(Input records Opens)

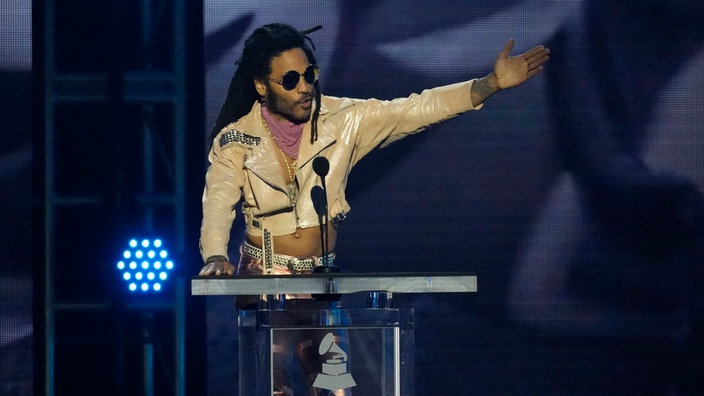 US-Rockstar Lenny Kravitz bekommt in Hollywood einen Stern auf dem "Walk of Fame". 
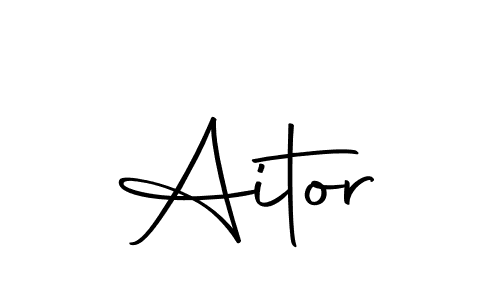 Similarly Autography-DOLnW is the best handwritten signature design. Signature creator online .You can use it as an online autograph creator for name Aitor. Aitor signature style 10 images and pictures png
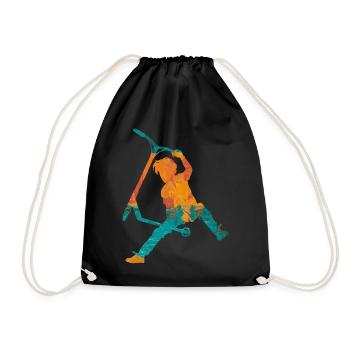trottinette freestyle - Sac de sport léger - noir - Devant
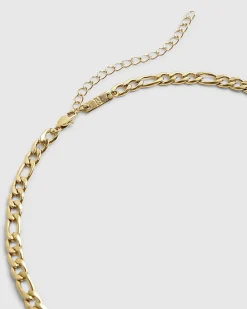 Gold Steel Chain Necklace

(Input records Closes)
(Input records Opens)

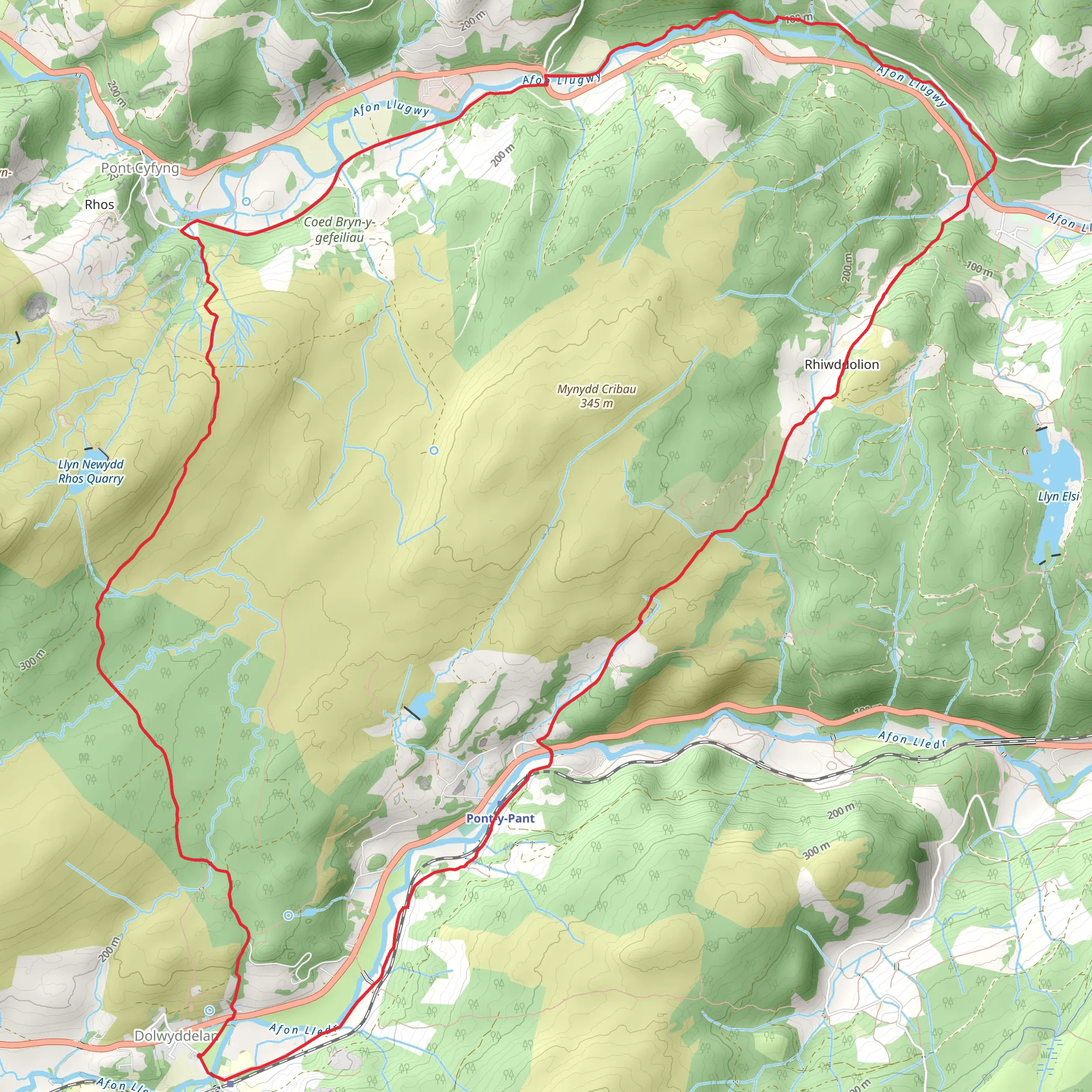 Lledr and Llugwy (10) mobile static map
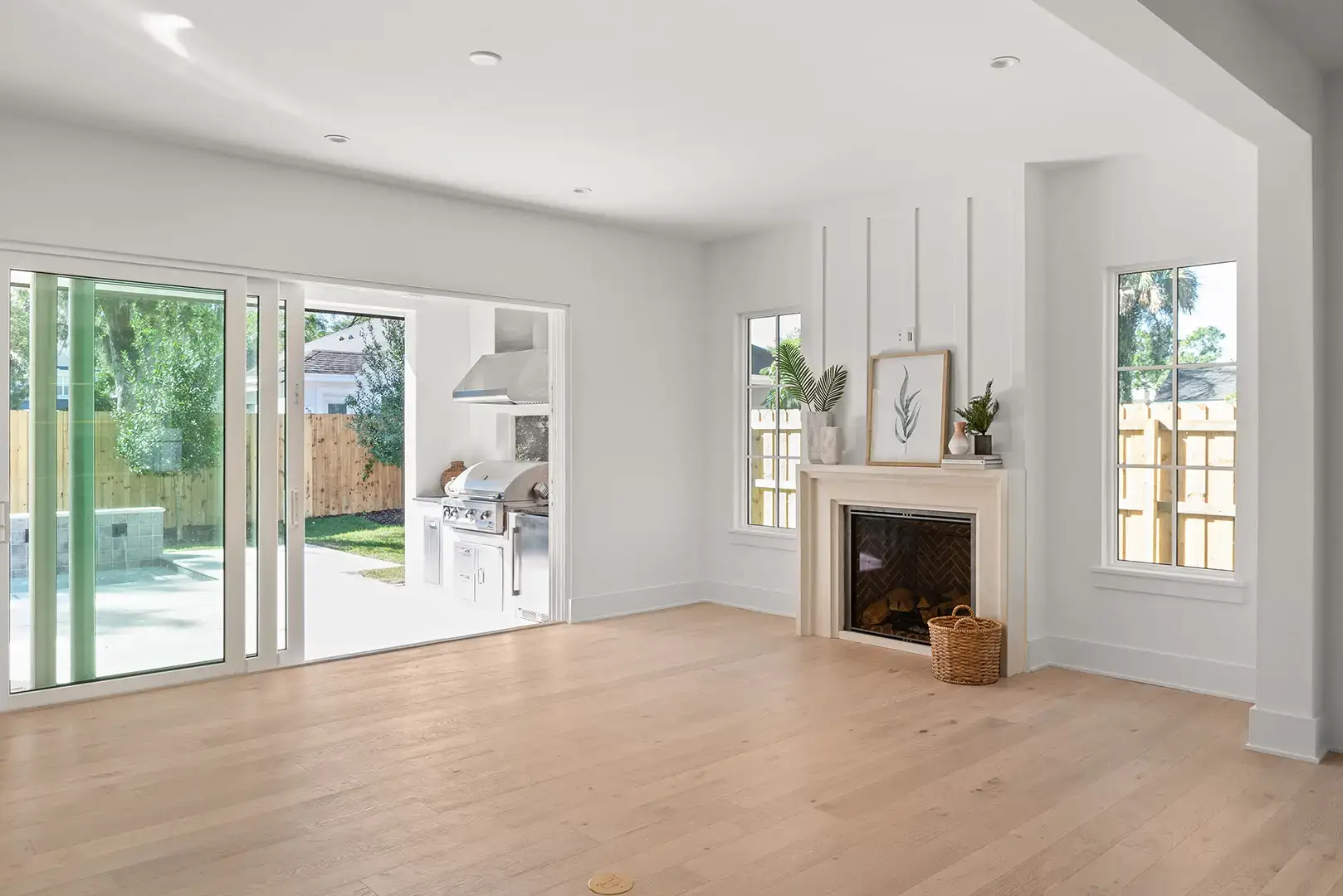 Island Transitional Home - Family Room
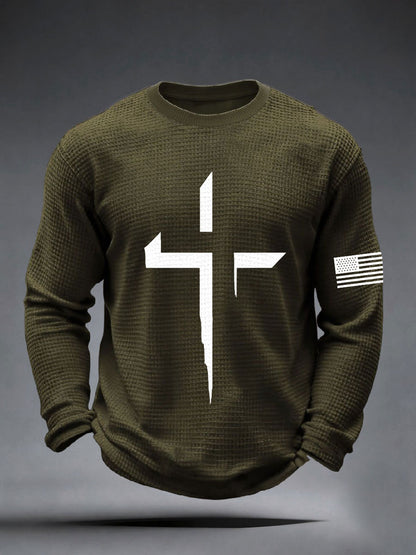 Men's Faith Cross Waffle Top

(Input records Closes)

Instructions for the task: Your copy should hold the lines from the one with "US-Rockstar Lenny Kravitz" up to and including the one with "Similarly Autography-DOLnW is", exactly as in the data above, and no pictures.

Exercise result:
 US-Rockstar Lenny Kravitz bekommt in Hollywood einen Stern auf dem "Walk of Fame". 
 Similarly Autography-DOLnW is the best handwritten signature design. Signature creator online .You can use it as an online autograph creator for name Aitor. Aitor signature style 10 images and pictures png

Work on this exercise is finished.